Kennedy called us the “heirs of that first revolution” and spoke of rights that come not from the state but from God. “Let the word go forth,” he said, “that the torch has been passed to a new generation of Americans — born in this century, tempered by war, disciplined by a hard and bitter peace, proud of our ancient heritage — and unwilling to witness or permit the slow undoing of those human rights to which this Nation has always been committed, and to which we are committed today at home and around the world.”
I realized that Kennedy was not talking to my parents or my teachers or the cop on the beat: he was talking to me. Everything in me wanted to be part of an America that was a champion of justice and a model of virtue. I longed to be part of making that dream a reality. It was a pivotal moment in my life, one that eventually led to my career in constitutional law.
When Kennedy called on Americans to “bear the burden of a long twilight struggle” to defend freedom in its hour of maximum danger, I never would have guessed how long that twilight would last — or that half a century later, we, the American people, would come to represent the gravest threat to our freedoms through our apathy, ignorance and indifference.
The world is a very different place from when I was a teenager. We undeniably live in perilous, uncertain times. Our nation is plagued by perpetual war; a deteriorating economy; shadowy enemies bent on terrorizing us; increasingly aggressive government agencies. Governmental tentacles now invade virtually every facet of our lives, with agents of the government listening in on our telephone calls and reading our emails. Technology, which has developed at a rapid pace, offers those in power more invasive, awesome tools than ever before. The groundwork has been laid for a new kind of government where it will no longer matter if you’re innocent or guilty, whether you’re a threat to the nation or even if you’re a citizen. What will matter is what the president — or whoever happens to be in power at the time — thinks.
We have an appalling literacy rate; a populace with little understanding of history or the United States Constitution; porous borders with countless illegal immigrants flowing over them; ravaging natural disasters; a monstrous financial deficit; armed forces pushed to their limit, spread around the globe.
We’re embroiled in endless wars against rebel enemies that seem to attack from nowhere.

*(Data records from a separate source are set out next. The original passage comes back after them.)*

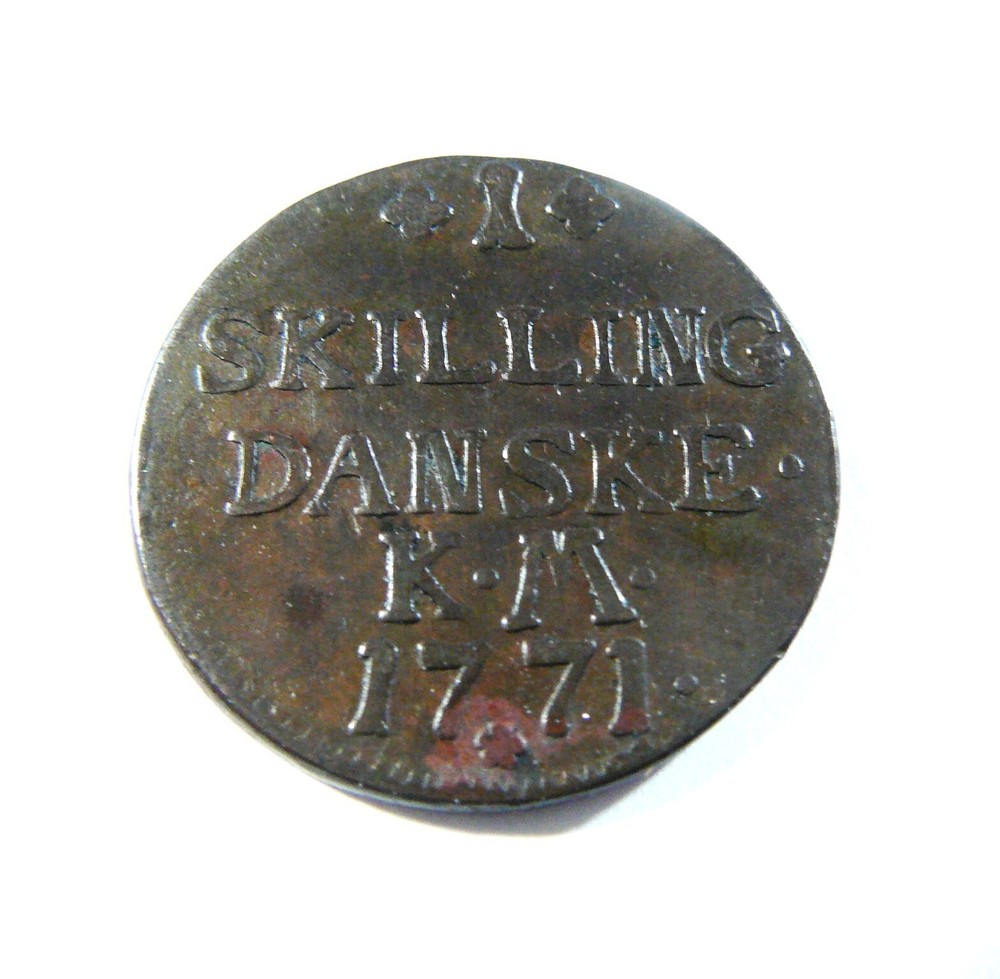DENMARK 1771 SKILLING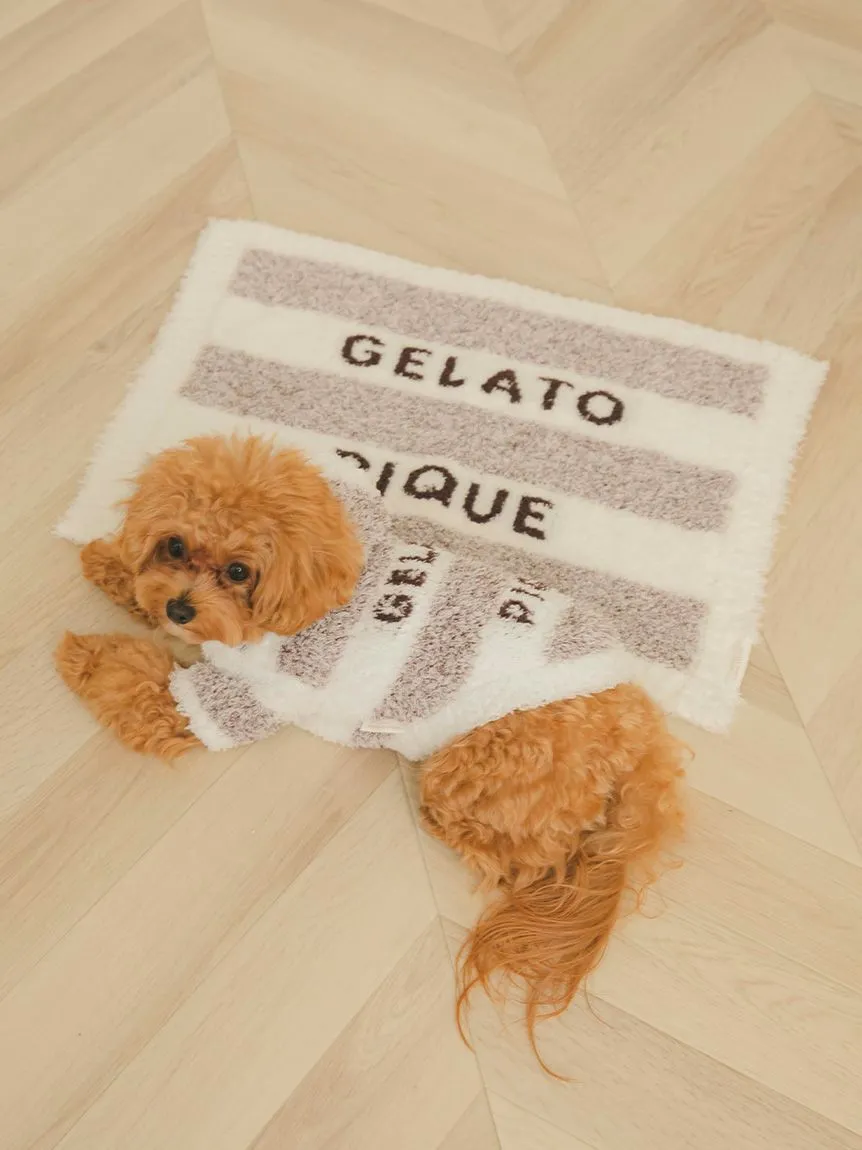 [CAT&DOG] Gelato Melange 2 Border Hoodie Pet Clothes
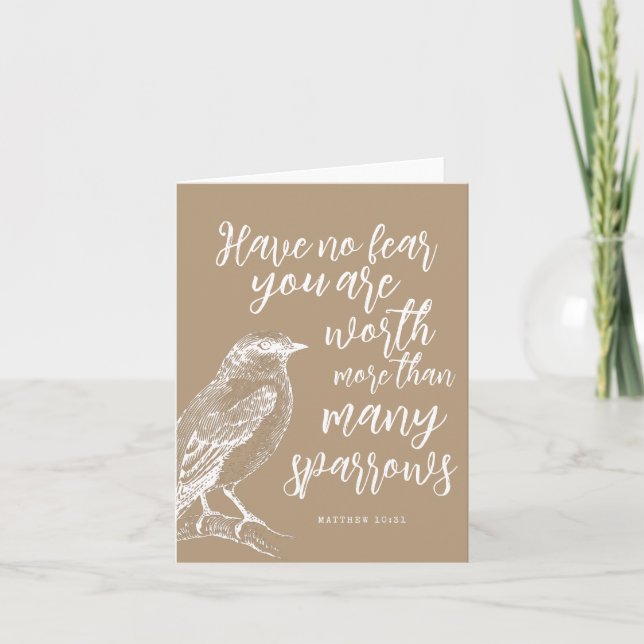 Matthew 10:31 JW Encouragement Folded Card (Front)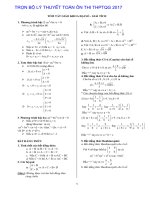 TRỌN BỘ LÝ THUYẾT MÔN TOÁN ÔN THI THPTQG 2017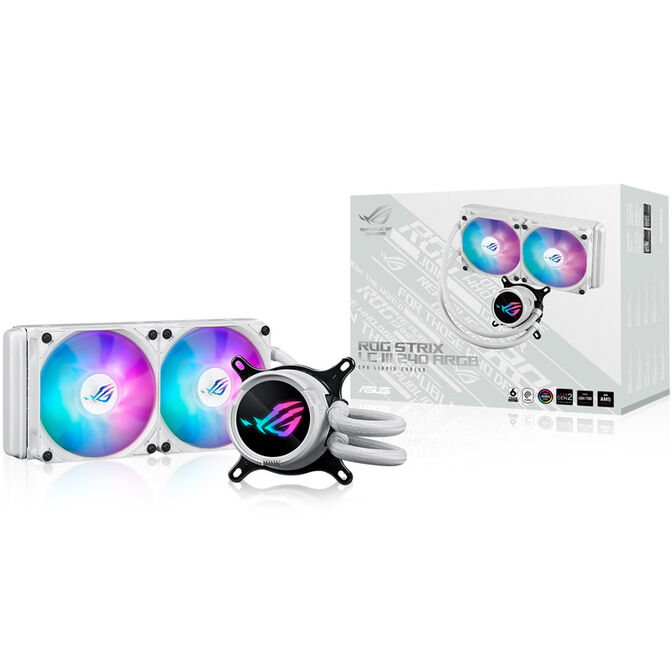 ASUS ROG STRIX LC III 240 ARGB AiO Wasserk&uuml;hlung - wei&szlig; image number 9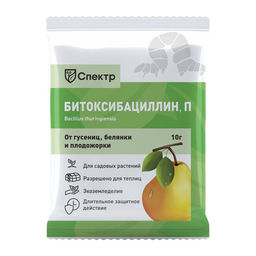 Битоксибациллин Спектр 10г пакет (150шт/кор) от насекомых вредителей БМ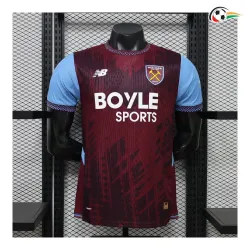Camisa Titular Versão Jogador West Ham United 2026/2027 Vermelho Escuro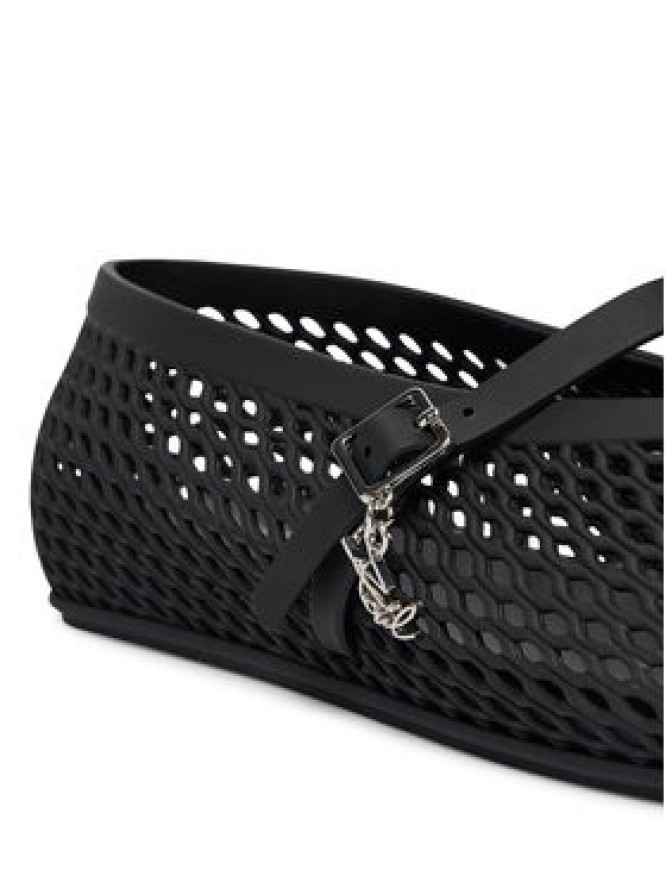 KARL LAGERFELD Baleriny Jelly Ballet KL80035 Czarny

Our country is both ideologically and politically fractured. America’s credibility around the world is at an all-time low. And I am not alone in believing that we may be only one terrorist attack away from becoming a military state. Our very freedoms are at stake.

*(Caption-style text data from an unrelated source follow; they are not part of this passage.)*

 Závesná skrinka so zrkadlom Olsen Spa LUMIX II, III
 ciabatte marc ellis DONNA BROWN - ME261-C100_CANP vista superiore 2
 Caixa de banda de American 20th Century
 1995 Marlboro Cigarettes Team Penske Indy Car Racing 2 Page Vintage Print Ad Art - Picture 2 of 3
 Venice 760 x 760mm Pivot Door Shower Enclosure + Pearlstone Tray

Is there any hope? Yes, there is. But that hope does not rest with a president, Congress or the government. And it never has. That is an illusion. As I point out in my book, A Government of Wolves: The Emerging American Police State, the only real hope in any significant change for the better rests in the American people. But first we have to regain a sense of America’s history and reclaim our inheritance.
The freedoms we often take for granted did not come about through happenstance. They were hard-won through the sheer determination, suffering and sacrifice of thousands of patriotic Americans who not only believed in the cause of liberty but also acted on that belief. The success of the American Revolution owes much to these men and women. In standing up to the British Empire and speaking out against an oppressive regime, they exemplified courage in the face of what must have seemed like an overwhelming foe.
Those revolutionaries were average citizens, not agitators or hotheads. They were not looking for trouble or trying to start a fight. Like many today, they were simply trying to make it from one day to another. But they finally had enough and decided to stand and fight for the one thing that makes an American an American: freedom.
It wasn’t easy. Many lost their livelihoods and homes. Many lost their lives. But, like Tom Paine, they would not be sunshine patriots. They would not shrink from service to their country.
If we are to survive as a nation, we must regain the spirit of the American revolutionaries. It’s time to turn off the television set, put down the cell phone and, if need be, take to the streets and make sure our voices are heard. Some of our fellow citizens are already on the frontlines of freedom. Let’s join them. In the words of Patrick Henry:
Why stay we here idle? What is it that gentlemen wish? What would they have? Is life so dear, or peace so sweet, as to be purchased at the price of chains and slavery? Forbid it, Almighty God. I know not what course others may take, but as for me: give me liberty, or give me death!